Beale’s team have run Celtic close in the last three derbies, losing each of them by the odd goal - but he’s not hiding from the fact they remain second best. He added: “We are going to tear up a team that lost a semi-final narrowly 1-0 and probably shouldn’t have lost it. That is the reality. That is not good enough, is it?

“I don’t think that team performed too poorly at the weekend. I think [the goal Jota scored] was poor in a moment and another moment was equally as poor [with Fashion Sakala] having the chance to equalise.

“Over the course of the season, we need to show improvement. In the time that I have been here, I have been happy enough. But it is clear that the fans need new faces.

“They have really taken to Todd Cantwell and Nico Raskin and it is important that we recruit strongly. The energy those guys bring in the room, we need people who will come in here bursting with energy to make a difference.”

So it appears it will be all change at Ibrox this summer, with a fresh wind that’s already blown through the boardroom set to sweep down the marble staircase and into the dressing room. The list of high-profile departures from the boardroom now sits at five, with chairman Douglas Park, CEO Stewart Robertson, sporting director Ross Wilson, academy chief Craig Mulholland and director Andrew Dickson all calling it quits.

It’s a major upheaval but the opportunity to start anew on and off the pitch.
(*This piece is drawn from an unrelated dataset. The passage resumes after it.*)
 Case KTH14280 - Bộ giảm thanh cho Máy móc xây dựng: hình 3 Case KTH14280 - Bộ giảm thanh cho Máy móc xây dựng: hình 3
For Beale - who cut a deflated figure as he sat down to meet the media ahead of tomorrow’s clash with Aberdeen - it’s a glimmer of light to cling to amid the gloom of derby defeat.
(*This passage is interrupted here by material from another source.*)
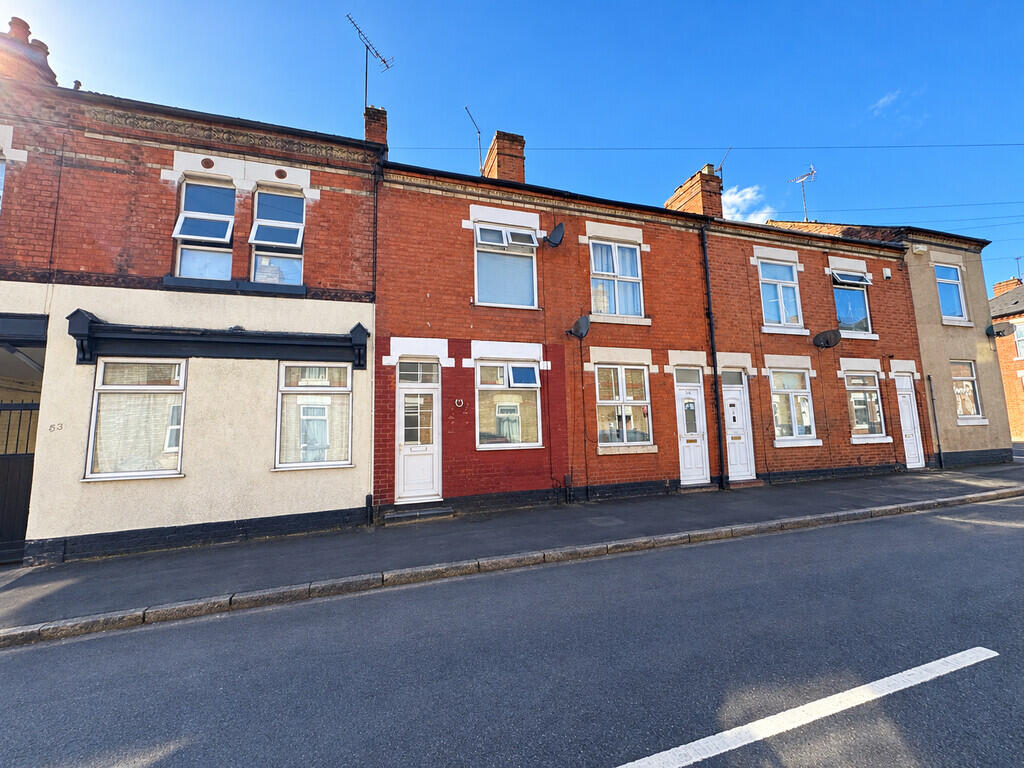 3-bed terraced on Dean Street, Derby, £140,000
He said: “Hugely excited by it. What an exciting time. If the fans want one or two new faces coming, they’re coming in.

“We have won a lot of football games, we’ll come back and finish the season strongly, we’ll have a strong pre-season and go again. There’s an opportunity right at the start of the season to qualify for the Champions League, so there’s a lot to look forward to.

“The recruitment side is a long way down the road and I’m excited by it, energised by it and you will certainly see a new Rangers. But at the moment I still see a team that performs to a decent level.

“It’s been a disappointing season but the quickest way is to recruit well, go away and come back fresh and go again. So I’m excited by the changes at the club and the opportunity it gives us to recruit.”